Margaret Taylor-Burroughs
Born: 1917 in St. Rose, Louisiana,
Died: November 21, 2010 in Chicago, Illinois Pen Name: None Connection to Illinois: Burroughs was born in St. Rose, Louisiana, and by the time she was five years old the family had moved to Chicago. There she attended Englewood High School along with Gwendolyn Brooks, who in 1985-1986 served as Consultant in Poetry to the Library of Congress (now United States Poet Laureate). Biography: Margaret was a prominent African American artist and writer and a co-founder of the DuSable Museum of African American History. She also helped to establish the South Side Community Art Center, whose opening on May 1, 1941 was dedicated by the First Lady of the United States Eleanor Roosevelt.

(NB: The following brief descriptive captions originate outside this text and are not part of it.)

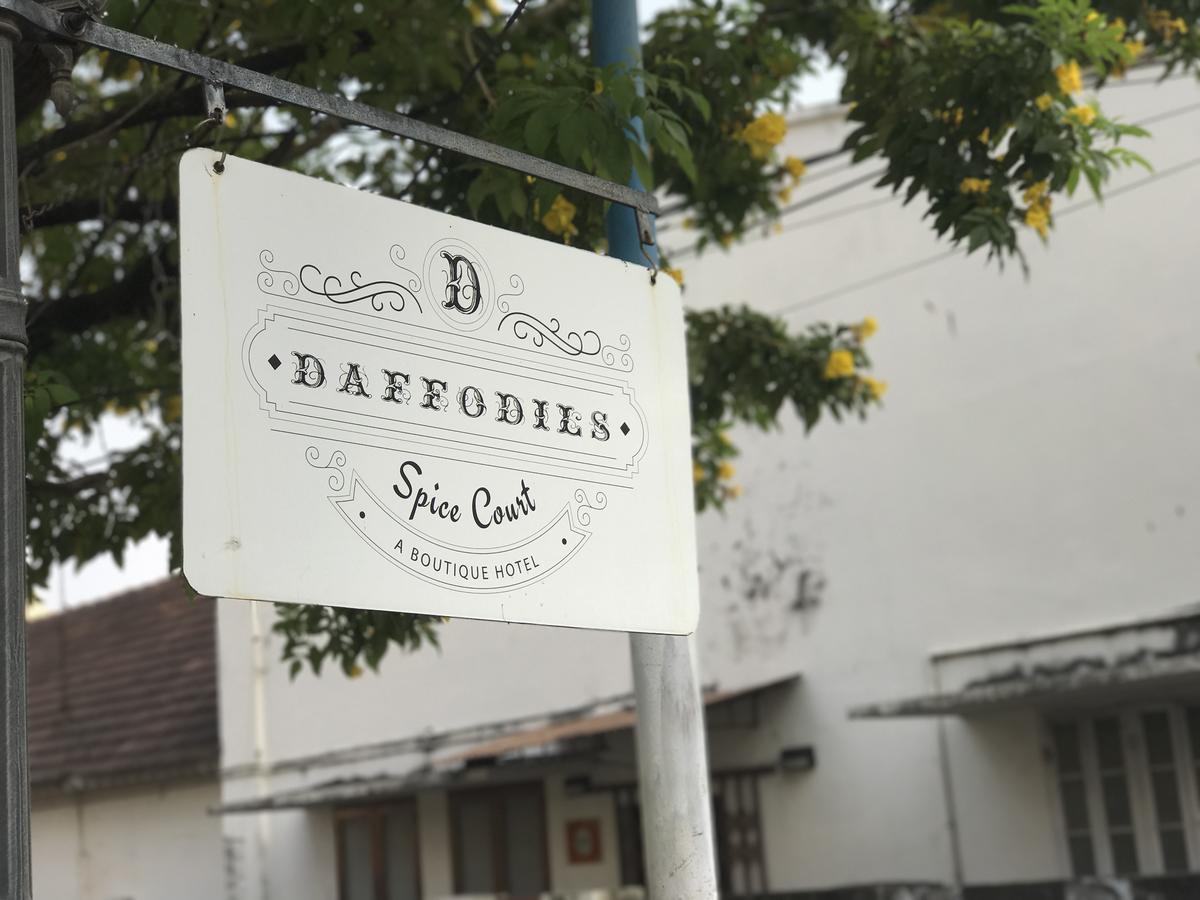 Daffodils Spice Court Hotell Kochi Exteriör bild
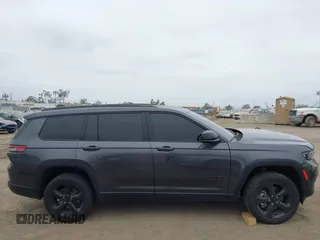 2023 Jeep Grand Cherokee Altitude with VIN 1C4RJJAG1P8902402, listed as a IAAI auction lot 42584202 with 13,913 mi miles and . Bid and sale history available at DreamBid. Image 13.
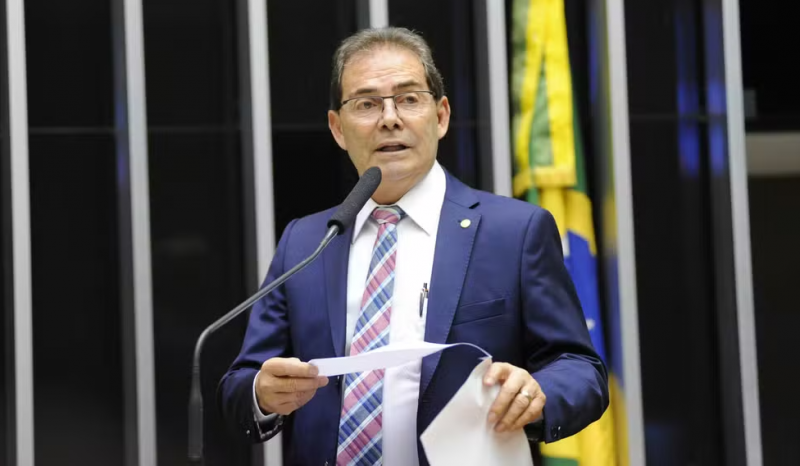 Hugo escolhe Paulinho da Força como relator de projeto da anistia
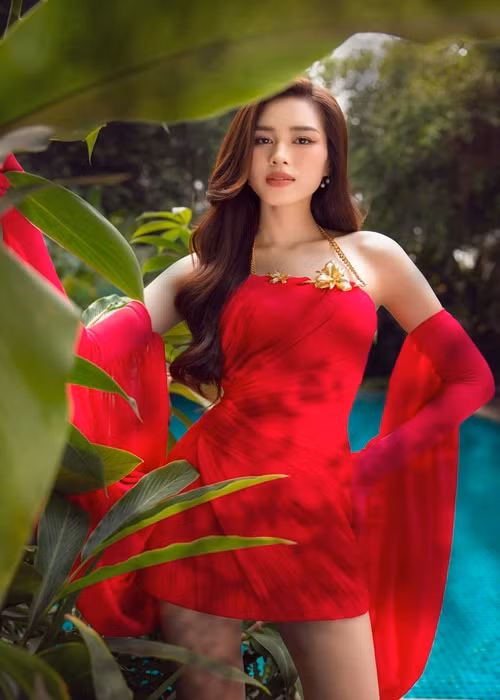 Nàng hậu gốc Thanh Hóa có chiều cao 1m75, đôi chân dài 1m11.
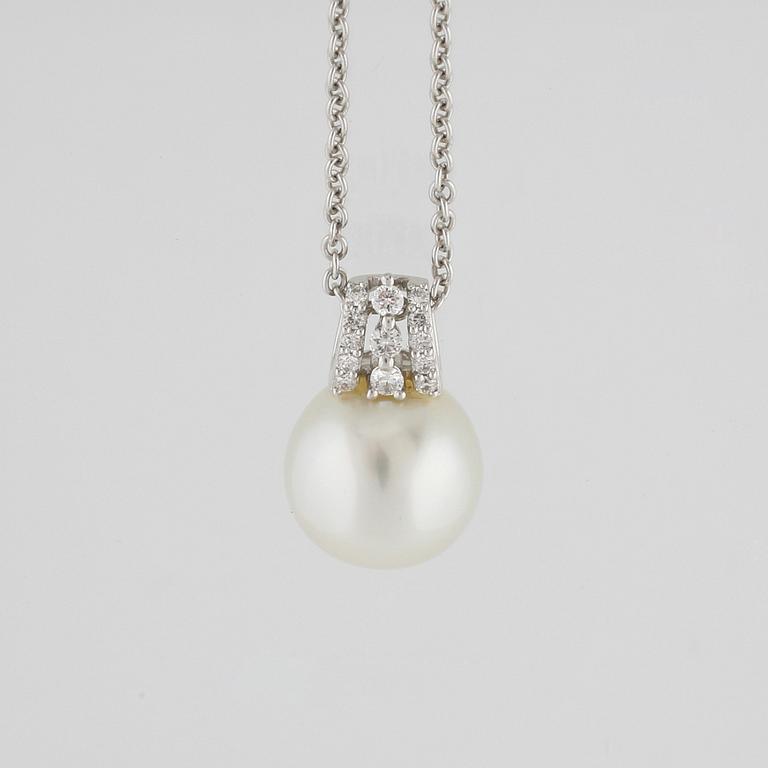 HÄNGE, 18K vitguld med briljantslipade diamanter 0.18 ct och odlad South Sea pärla. Vikt 7,1 gram.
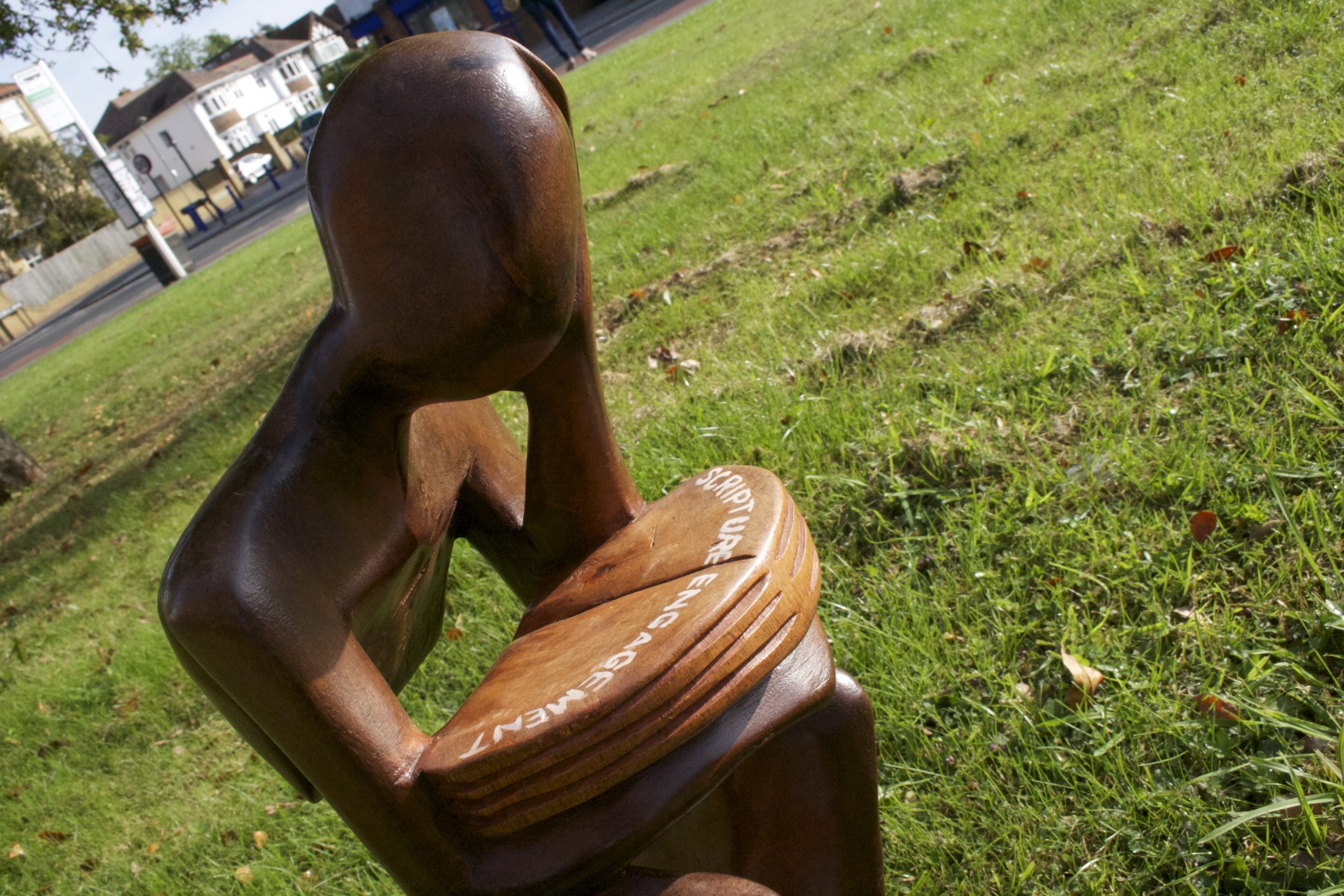 Poder, Poesía y Personas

There at the age of 23 she served as the youngest member of its board of directors. Dr. Burroughs was a prolific writer, with her efforts directed toward the exploration of the Black experience and to children, especially to their appreciation of their cultural identity and to their introduction and growing awareness of art.Dr. Burroughs is also credited with the founding of Chicago's Lake Meadows Art Fair in the 1950's.Taylor-Burroughs taught at DuSable High School from 1946 to 1969, and from 1969 to 1979 was a professor of humanities at Kennedy-King College, a community college in Chicago. She also taught African American Art and Culture at Elmhurst College in 1968. Margaret and her husband Charles co-founded what is now called the DuSable Museum of African American History in Chicago in 1961. The institution was originally known as the Ebony Museum of Negro History and Art and made its debut in the living room of their house at 3806 S. Michigan Avenue in the Bronzeville neighborhood on Chicago's south side, and Taylor-Burroughs served as its executive director for the first ten years of its existence. She was proud of the institution's grass-roots beginnings: '...we’re the only one that grew out of the indigenous Black community. We weren’t started by anybody downtown; we were started by ordinary folks.”